Each word in the data below should be copied exactly; the images should not.

··· RECORD SET ···

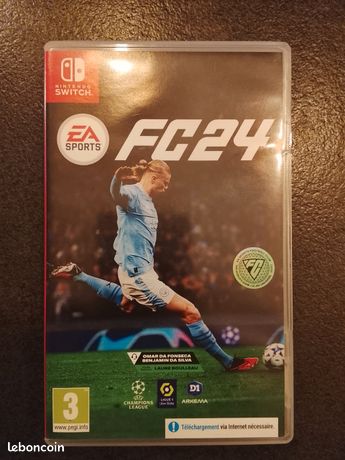 FC 24 pour Nintendo switch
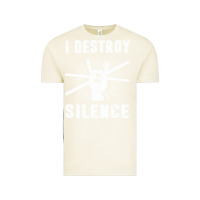 Vintage Arctic i destroy silence drum set drummer gift Vintage Tee - linhVisuals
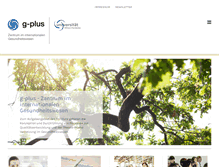Tablet Screenshot of g-plus.org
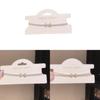 Elegant Zircon Butterfly Charm Wristlet For Ladies Office Wear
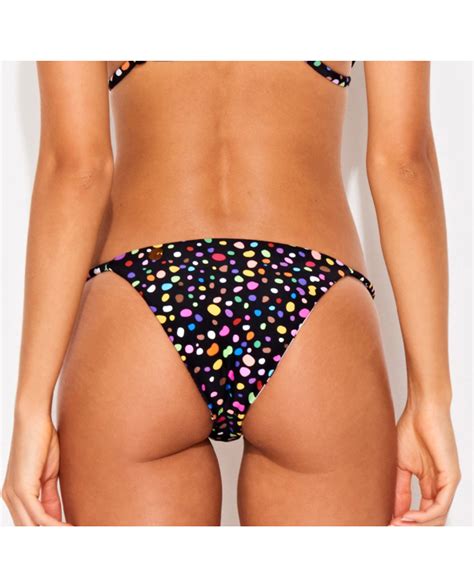 Bikini Bottoms Bottom Bikini Df Cheetah Rainbow Brand Triya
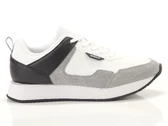  Hanon In Faux Leather Grigio Luna - Sneakers uomo Antony Morato. Disponibile in diverse taglie: 40, 42, 43, 44, 45 e colori gri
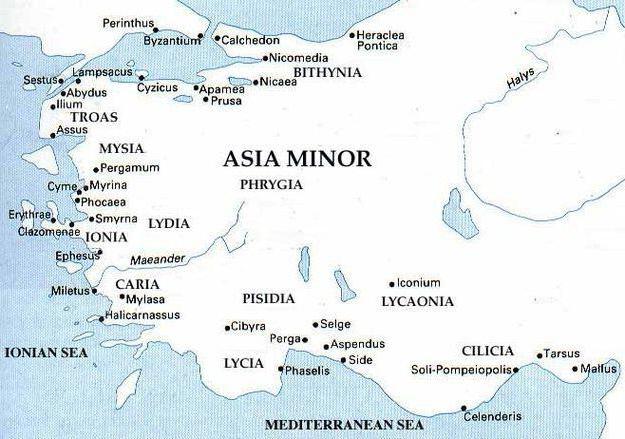 Asia Minore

···

## OUTPUT FOR THIS EXERCISE
 FC 24 pour Nintendo switch
 Vintage Arctic i destroy silence drum set drummer gift Vintage Tee - linhVisuals
Tablet Screenshot of g-plus.org
 Elegant Zircon Butterfly Charm Wristlet For Ladies Office Wear
 Bikini Bottoms Bottom Bikini Df Cheetah Rainbow Brand Triya
  Hanon In Faux Leather Grigio Luna - Sneakers uomo Antony Morato. Disponibile in diverse taglie: 40, 42, 43, 44, 45 e colori gri
 Asia Minore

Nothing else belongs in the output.